*** MATERIAL SHOWN ***
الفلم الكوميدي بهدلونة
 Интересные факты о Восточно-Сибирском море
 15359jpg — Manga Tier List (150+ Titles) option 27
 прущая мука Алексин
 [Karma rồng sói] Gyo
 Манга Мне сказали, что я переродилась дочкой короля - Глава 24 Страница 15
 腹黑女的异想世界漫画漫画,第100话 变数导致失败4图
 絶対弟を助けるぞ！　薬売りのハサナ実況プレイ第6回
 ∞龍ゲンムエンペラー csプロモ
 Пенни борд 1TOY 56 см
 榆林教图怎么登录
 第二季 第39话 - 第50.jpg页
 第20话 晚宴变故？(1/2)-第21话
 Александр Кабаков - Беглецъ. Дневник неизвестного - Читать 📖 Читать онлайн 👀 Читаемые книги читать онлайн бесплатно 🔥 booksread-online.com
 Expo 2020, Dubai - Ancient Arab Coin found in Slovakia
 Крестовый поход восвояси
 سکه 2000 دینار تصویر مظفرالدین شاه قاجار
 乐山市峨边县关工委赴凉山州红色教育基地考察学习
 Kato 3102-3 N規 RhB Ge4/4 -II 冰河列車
*** End of MATERIAL SHOWN ***
▶ [TASK REQUIREMENTS]: An exact retyping of the full listing is required.

▶ [RESPONSE TO THE TASK]:
الفلم الكوميدي بهدلونة
 Интересные факты о Восточно-Сибирском море
 15359jpg — Manga Tier List (150+ Titles) option 27
 прущая мука Алексин
 [Karma rồng sói] Gyo
 Манга Мне сказали, что я переродилась дочкой короля - Глава 24 Страница 15
 腹黑女的异想世界漫画漫画,第100话 变数导致失败4图
 絶対弟を助けるぞ！　薬売りのハサナ実況プレイ第6回
 ∞龍ゲンムエンペラー csプロモ
 Пенни борд 1TOY 56 см
 榆林教图怎么登录
 第二季 第39话 - 第50.jpg页
 第20话 晚宴变故？(1/2)-第21话
 Александр Кабаков - Беглецъ. Дневник неизвестного - Читать 📖 Читать онлайн 👀 Читаемые книги читать онлайн бесплатно 🔥 booksread-online.com
 Expo 2020, Dubai - Ancient Arab Coin found in Slovakia
 Крестовый поход восвояси
 سکه 2000 دینار تصویر مظفرالدین شاه قاجار
 乐山市峨边县关工委赴凉山州红色教育基地考察学习
 Kato 3102-3 N規 RhB Ge4/4 -II 冰河列車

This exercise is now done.